EROC: A Toolkit for Building Query Optimizers

Bill McKenna

Red Brick Systems

bmckenna@redbrick.com


ABSTRACT

In this talk I will present EROC (Extensible, Reusable Optimization Components), a toolkit for building query optimizers. EROC's components are C++ classes based on abstractions we have identified as central to query optimization, not only in relational DBMSs, but in extended relational and object-oriented DBMSs as well. EROC's use of C++ classes clarifies the mapping from application domain (optimization) abstractions to solution domain (EROC) abstractions, and these classes provide:

(1) complex predicate definition and manipulation;
(2) representations for common operators, such as join and group by, and associated property derivation functions, including key derivation;
(3) management of catalog and type information;
(4) implementations of common algebraic equivalence rules, and
(5) System R- and Volcano-style search strategies.

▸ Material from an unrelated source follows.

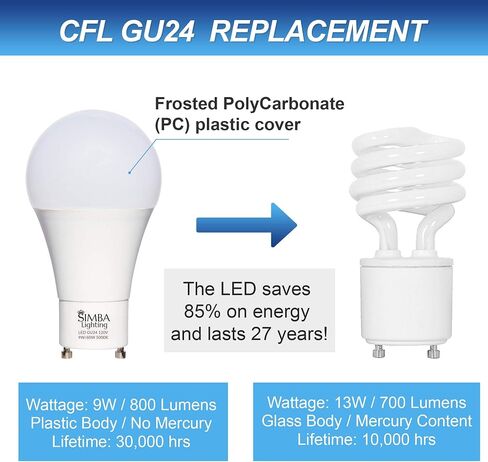Simba Lighting LED GU24 A19 Light Bulb 9W 60W to 75W Replacement (4 Pack) 120V 2 Prong Twist and Lock Base for Ceiling Lights, Pendants, Outdoor Lanterns, Floor Lamps, Non-Dimmable, 5000K Daylight in Saudi Arabia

The classes are designed to provide optimizer implementors reusability and extensibility through layering and inheritance. EROC provides much more functionality than previous optimization tools because all of EROC's optimization classes are extensible and reusable, not just the search components. I will also discuss some of the reusable object-oriented design patterns (Gamma, et al.) that occur in EROC's architecture. In addition to describing EROC's architecture and software engineering, I will also show how EROC's classes were extended to build NEATO (New EROC-based Advanced Teradata Optimizer), a join optimizer for Teradata's massively parallel environment. EROC is currently being evaluated for possible use as the basis for a new optimizer for Red Brick's data warehousing DBMS.